Wrong. Philip was a moderniser; a patriarch of a dynasty that has lasted, almost interrupted, for a thousand years. He understood – perhaps instinctively, perhaps by a study of history, perhaps by acute observation of the world around him – that the House of Windsor and its predecessors had only lasted for as long as they had by retaining public support. And that meant adapting and evolving in line with what the public wanted, and to changes in society, and by exploiting the new technologies of whatever time it found itself in. After all, the “House of Windsor” itself was what we might now understand to be a cynical marketing exercise, a “rebranding” in 1917 of the House of Saxe-Coburg-Gotha, in response to virulent anti-German feelings during the Great War. (For the same reason the family of Philip’s uncle, Louis Mountbatten, had changed their surname from Battenberg).
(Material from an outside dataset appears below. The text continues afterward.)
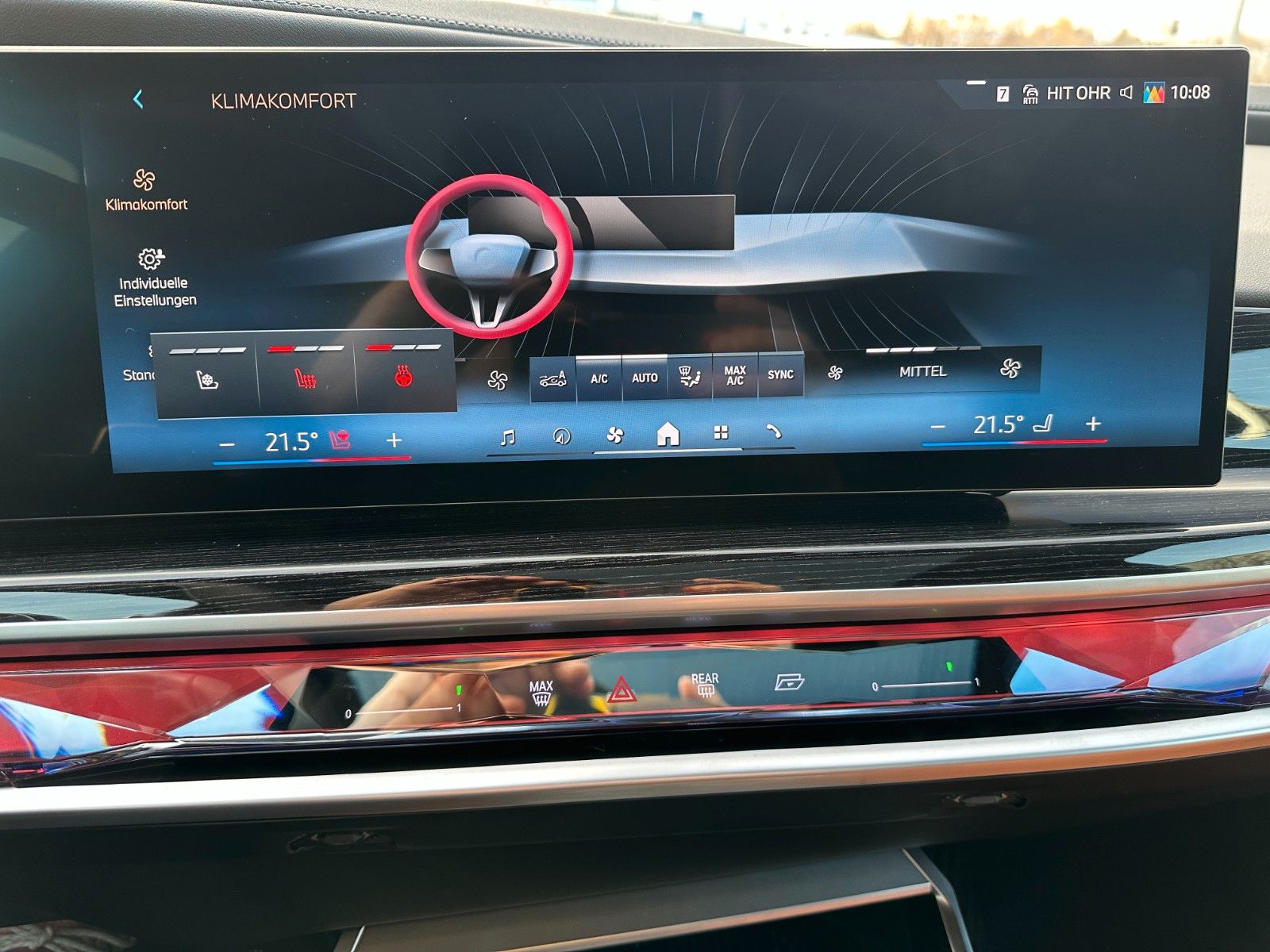 Fahrzeugabbildung BMW 740d xDrive MSport ACC,HUD,SKYL,B&W,SOFTCL,LUFT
This understanding of the changing role and image of the monarchy was one that he shared with his wife, but perhaps not always with the courtiers that surrounded them.

As chair of “The Firm”, Philip inserted himself into all the debates about the role of exciting emerging technologies in the 1950s and 1960s; more delicately into the arguments about modernising British industry, and the role of management and unions; and of course was a pioneering voice in the field of conservation, and the then new World Wildlife Fund. The Duke of Edinburgh Award was at least novel, and seems to have been surprisingly popular and durable – and has also evolved, having been launched as a scheme “for boys”.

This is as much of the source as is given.